Now when Thor heard how he had been tricked, he grasped his hammer with intent to dash both the giant and his city in pieces. But when he looked for them, both had disappeared, and he found himself standing with his companions in the midst of a large plain, on which was no sign of habitation.
Then he knew that the power of the Giant folk would not yield to force, and thinking of their strange adventures Thor and his companions returned to Asgard.
CHAPTER X
How Thor's Hammer was Lost and Found
_This is the tale the Northmen tell of how Thor's Hammer was lost and found._
Most precious in the eyes of Thor was his magic hammer, Miolnir, of which even the mighty Frost Giants stood in dread.
Always he laid it by his side when he went to rest, and always it was the first thing for which his hand was outstretched when he awoke.
Judge then of his horror and dismay when, on opening his eyes one morning, the hammer was nowhere to be seen.
Starting up with a roar of rage, Thor commenced to search everywhere for the missing weapon. Up and down his wonderful palace, built of the thunder clouds, he tramped, with a noise that shook the whole city of Asgard. But the hammer was not to be found.
Then he called upon golden-haired Sif, his wife, and bade her help in the search; and still the hammer was nowhere to be seen. It was clear that someone must have stolen it, and, when he realised this, Thor's wrath broke all bounds. His bristling red hair and beard stood up on end, and from them flew a whole volley of fiery sparks.

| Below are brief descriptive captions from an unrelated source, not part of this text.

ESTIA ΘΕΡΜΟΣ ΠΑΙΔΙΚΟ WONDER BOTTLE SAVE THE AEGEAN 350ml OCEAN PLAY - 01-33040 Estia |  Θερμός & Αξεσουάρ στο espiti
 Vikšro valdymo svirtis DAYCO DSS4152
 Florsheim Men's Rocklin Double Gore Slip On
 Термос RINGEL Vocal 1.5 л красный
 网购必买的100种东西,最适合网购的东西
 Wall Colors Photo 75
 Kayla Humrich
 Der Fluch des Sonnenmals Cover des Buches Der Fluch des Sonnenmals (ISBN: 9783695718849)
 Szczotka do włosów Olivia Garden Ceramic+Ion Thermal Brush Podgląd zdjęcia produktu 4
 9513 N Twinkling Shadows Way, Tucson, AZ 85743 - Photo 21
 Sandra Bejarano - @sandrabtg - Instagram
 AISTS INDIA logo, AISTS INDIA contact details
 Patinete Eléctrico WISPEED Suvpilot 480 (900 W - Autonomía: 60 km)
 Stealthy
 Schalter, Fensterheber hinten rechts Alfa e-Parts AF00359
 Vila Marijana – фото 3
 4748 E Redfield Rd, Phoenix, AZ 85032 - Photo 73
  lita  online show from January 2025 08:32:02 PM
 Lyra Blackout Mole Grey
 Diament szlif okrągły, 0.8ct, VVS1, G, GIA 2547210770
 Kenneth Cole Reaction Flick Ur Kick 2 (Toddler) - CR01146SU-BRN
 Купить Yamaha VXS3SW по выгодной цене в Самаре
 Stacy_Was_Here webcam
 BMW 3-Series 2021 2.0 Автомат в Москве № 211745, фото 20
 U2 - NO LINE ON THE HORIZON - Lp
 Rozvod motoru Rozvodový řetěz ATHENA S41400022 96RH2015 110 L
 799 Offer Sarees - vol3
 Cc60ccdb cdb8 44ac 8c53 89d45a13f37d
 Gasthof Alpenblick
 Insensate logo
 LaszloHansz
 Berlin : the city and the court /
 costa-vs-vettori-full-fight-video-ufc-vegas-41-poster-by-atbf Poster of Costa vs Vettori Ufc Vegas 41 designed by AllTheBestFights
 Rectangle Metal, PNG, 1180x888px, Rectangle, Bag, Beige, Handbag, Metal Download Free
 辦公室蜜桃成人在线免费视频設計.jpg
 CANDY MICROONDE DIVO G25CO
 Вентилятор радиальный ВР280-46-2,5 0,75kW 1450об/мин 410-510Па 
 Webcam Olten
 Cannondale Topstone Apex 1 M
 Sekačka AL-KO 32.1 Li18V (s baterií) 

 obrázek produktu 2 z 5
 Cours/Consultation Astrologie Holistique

Presently, as the angry Asa was shaking the palace with his thunderous voice, Red Loki came along to inquire into the trouble. He was not likely to sympathise with Thor, but, always brimful of curiosity, he loved to have a part in everything that happened.
"What's the matter, Asa Thor?" said he; and Thor replied, lowering his voice as he spoke, for he did not want his loss to be too widely known:
"Now listen to what I tell thee, Loki--'tis a thing which is known neither on earth below nor in heaven above. My hammer's gone."
This news was most interesting to Loki, who had long owed Thor a grudge, which he was afraid to pay openly. "Ho, ho!" said he. "Then shall we soon have the giants turning us out of Asgard, brother Thor."
"Not if you use your wits as you know how," growled Thor, still in a very bad temper. "Come, you call yourself a clever fellow. Find out for me who has robbed me of my thunderbolt, my hammer, my Miolnir."
Then Loki gave a grin and a wink, and promised to do what he could--not because he cared for Thor, but because he loved to be of importance, and was, moreover, really frightened as to what might happen to Asgard if the magic hammer was not at hand.
It was not long before he noticed that an extraordinary kind of tempest was raging in the regions below--not an orderly kind of tempest, with first some thunder, and then some rain, and then a gust of wind or two, such as Thor was wont to arrange, but a mixture of hail and wind and thunder and lightning and rain and snow, all raging together in a tremendous muddle, so that the earth folk thought the end of the world was come.
This gave Loki a hint, and he began to peer about between the clouds, until at length he saw that the trouble was coming from a certain hill which stood in the centre of Giantland.
Now on the top of this hill lived a certain Thrym, prince of the Frost Giants, who for a long time past had been very envious of the might of Thor. He had, indeed, done his best to imitate him as far as he could, and had managed to get up a very good imitation of lightning and hail and rain; but he had not been able to manage the thunderbolts, for they could only be made by means of Thor's hammer, Miolnir.
All this was well known to Red Loki, and he was therefore not at all surprised to find that, somehow or other, Thrym must have got hold of the magic weapon; for here were thunderbolts cras.h.i.+ng about the earth and sky at a terrible rate.
When informed of the discovery, Thor flew into a still more tremendous rage, and wanted to rush off at once to try conclusions with the giant. But Loki, who loved rather to get a thing by trickery and deceit, persuaded him that violence would never do.